» EXERCISE OBJECTIVE
Begin at the line below that has "Lit à baldaquin". Stop after the line that has "Imagen de la", repeating each line exactly and leaving out the pictures.

» RECORDS
******************************

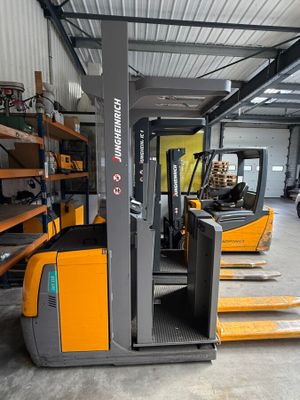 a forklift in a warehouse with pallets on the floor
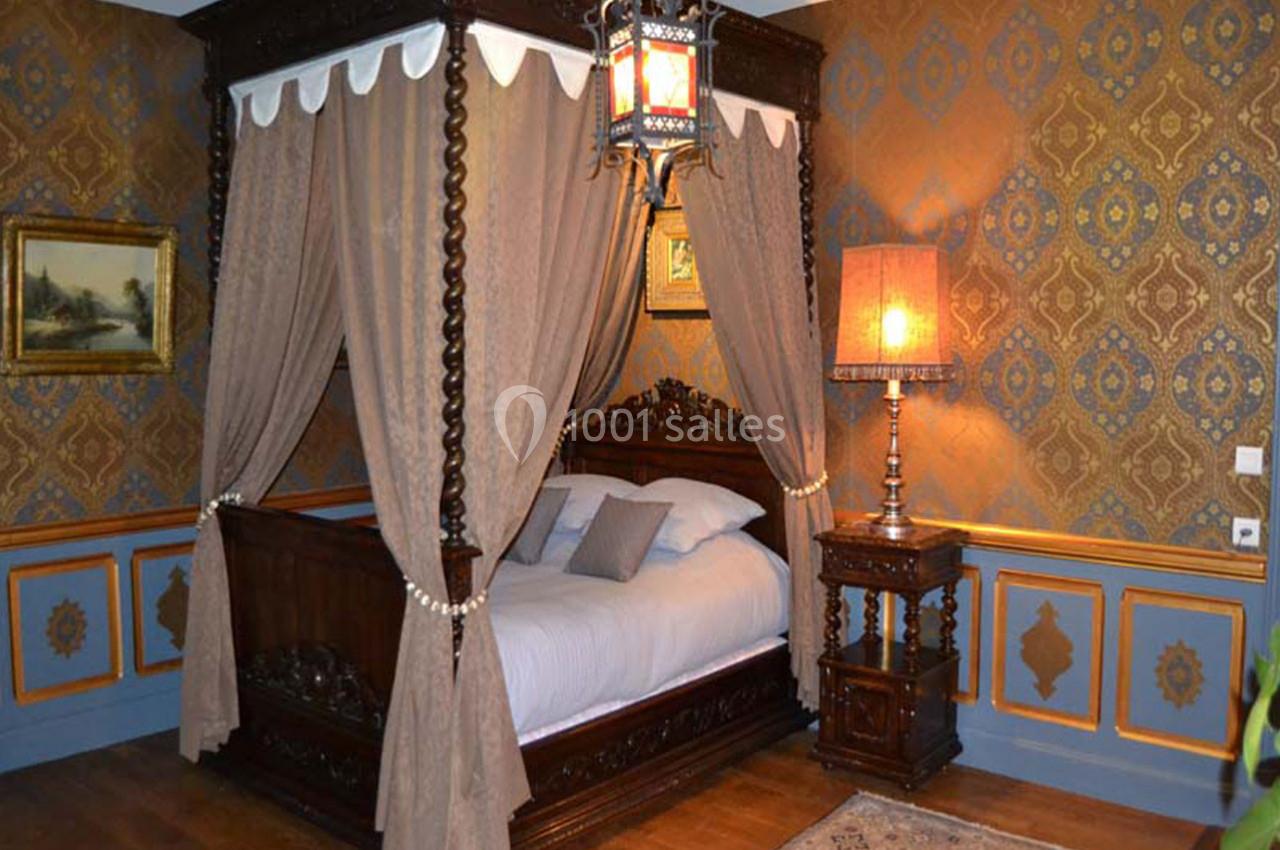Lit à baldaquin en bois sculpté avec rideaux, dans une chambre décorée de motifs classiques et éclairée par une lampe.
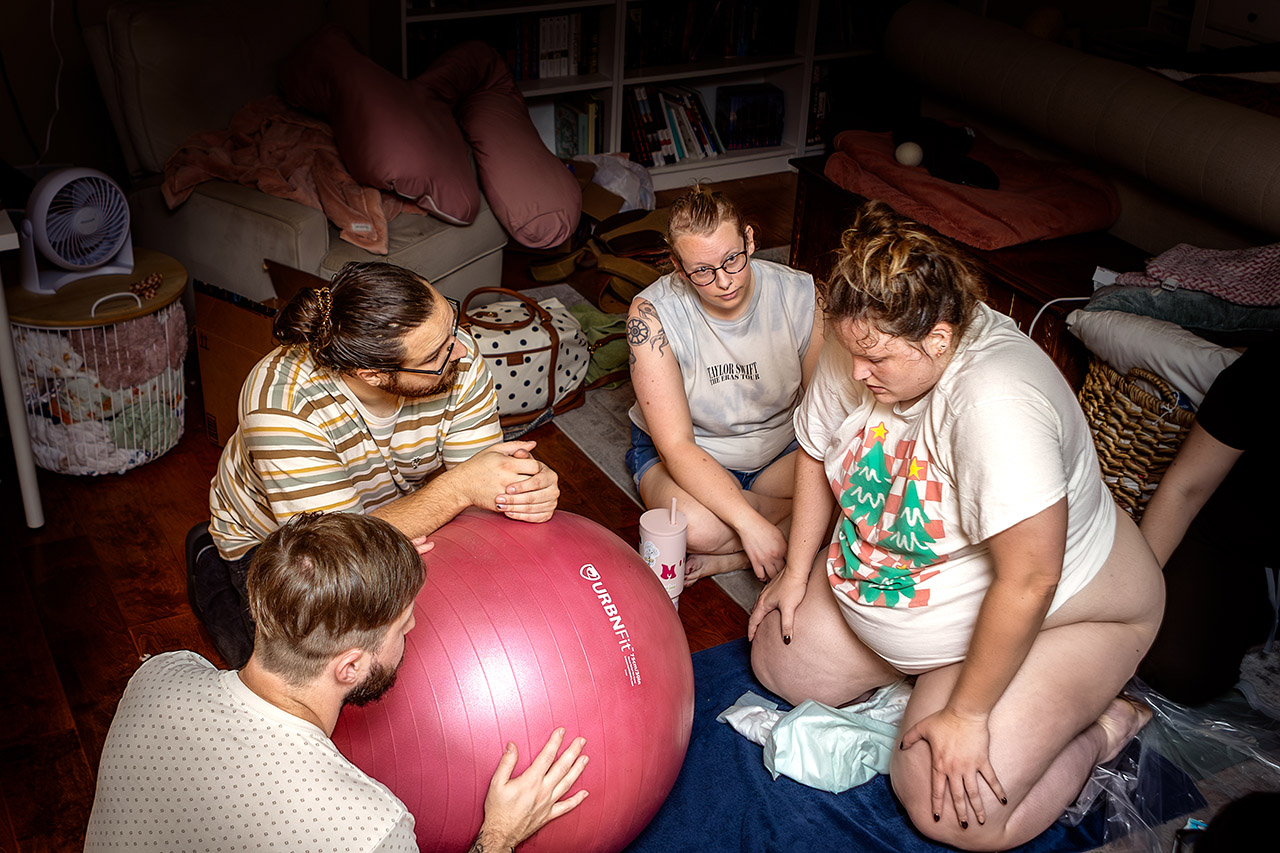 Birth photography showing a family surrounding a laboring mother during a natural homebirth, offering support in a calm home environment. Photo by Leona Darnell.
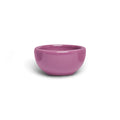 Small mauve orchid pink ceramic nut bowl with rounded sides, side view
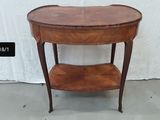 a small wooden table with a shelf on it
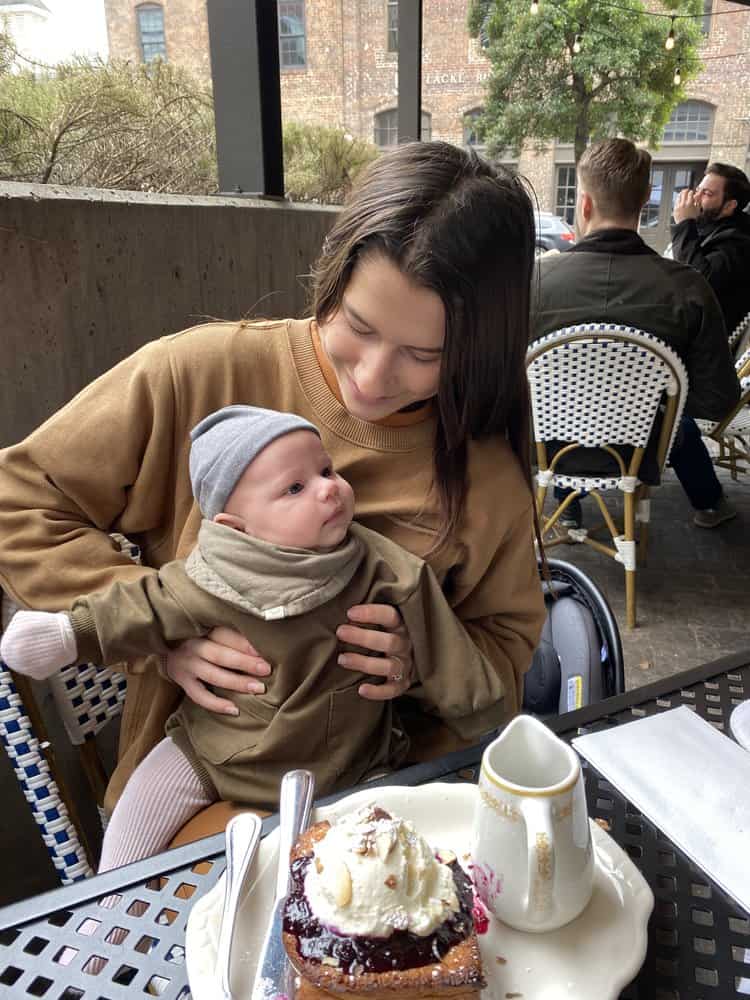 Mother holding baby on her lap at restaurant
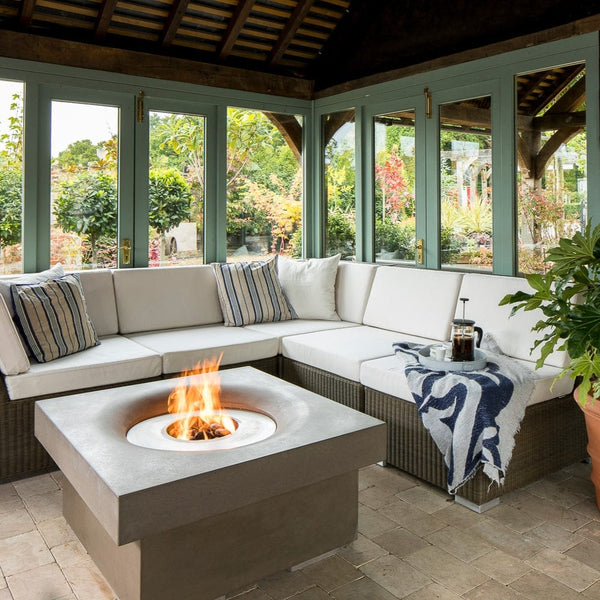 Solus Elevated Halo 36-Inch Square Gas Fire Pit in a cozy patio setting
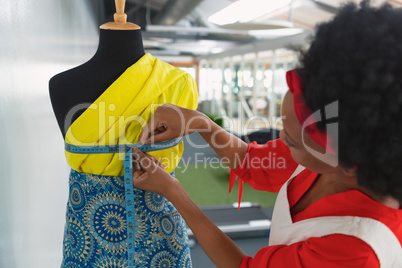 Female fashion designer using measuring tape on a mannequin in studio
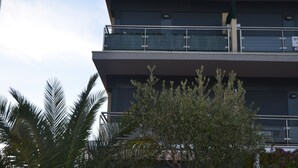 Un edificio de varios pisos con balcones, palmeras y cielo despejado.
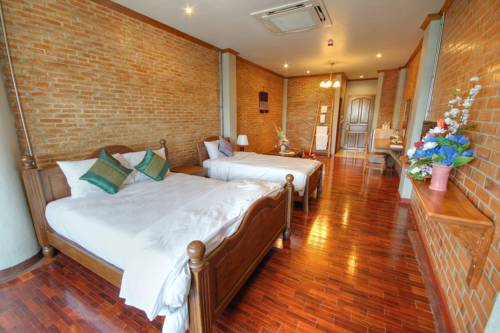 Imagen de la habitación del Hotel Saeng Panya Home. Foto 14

******************************

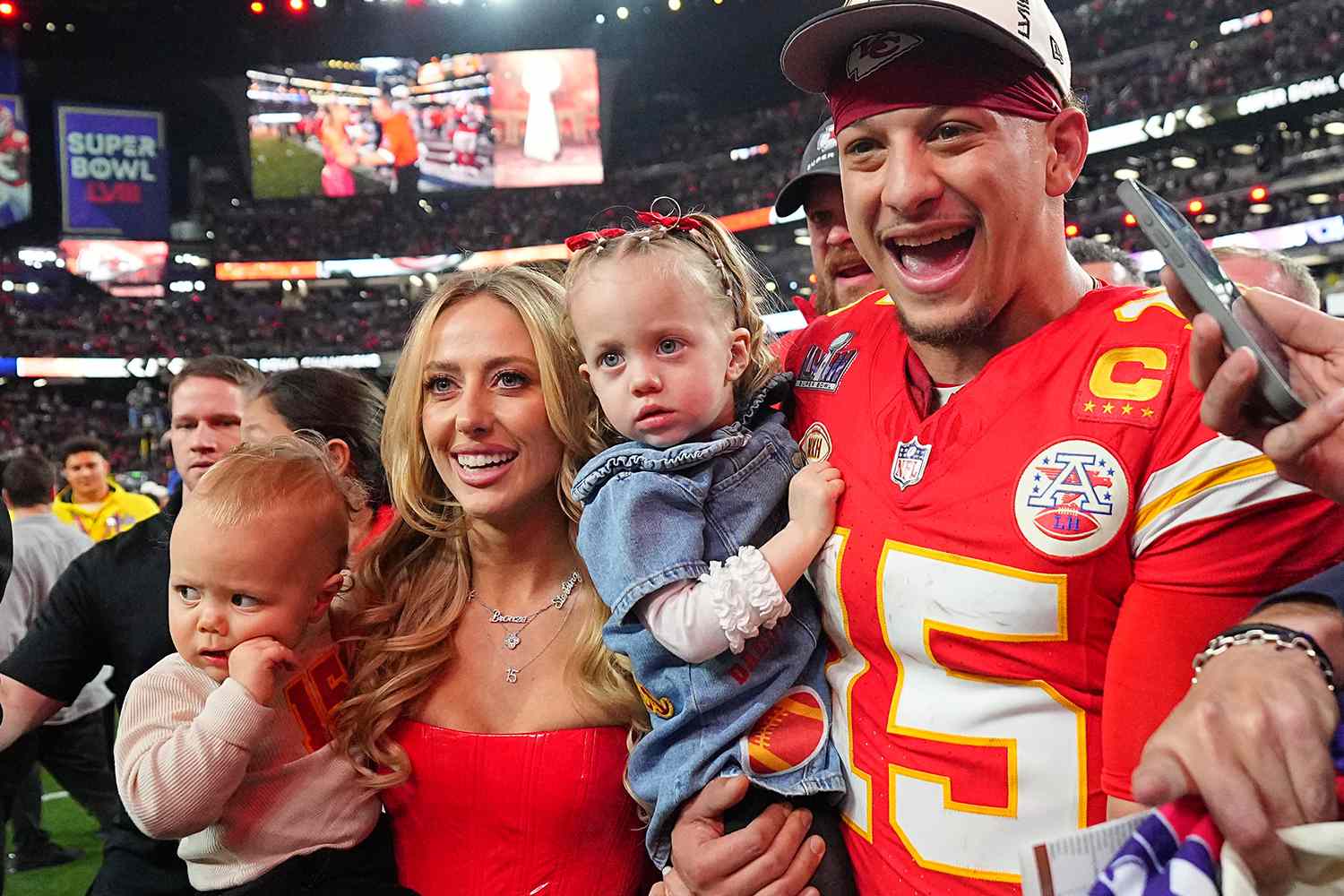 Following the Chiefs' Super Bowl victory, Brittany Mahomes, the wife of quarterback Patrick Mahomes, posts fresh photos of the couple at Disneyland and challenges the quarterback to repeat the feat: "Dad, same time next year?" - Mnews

******************************

» ANSWER TO THE PROBLEM
Lit à baldaquin en bois sculpté avec rideaux, dans une chambre décorée de motifs classiques et éclairée par une lampe.
 Birth photography showing a family surrounding a laboring mother during a natural homebirth, offering support in a calm home environment. Photo by Leona Darnell.
 Small mauve orchid pink ceramic nut bowl with rounded sides, side view
 a small wooden table with a shelf on it
 Mother holding baby on her lap at restaurant
 Solus Elevated Halo 36-Inch Square Gas Fire Pit in a cozy patio setting
 Female fashion designer using measuring tape on a mannequin in studio
 Un edificio de varios pisos con balcones, palmeras y cielo despejado.
 Imagen de la habitación del Hotel Saeng Panya Home. Foto 14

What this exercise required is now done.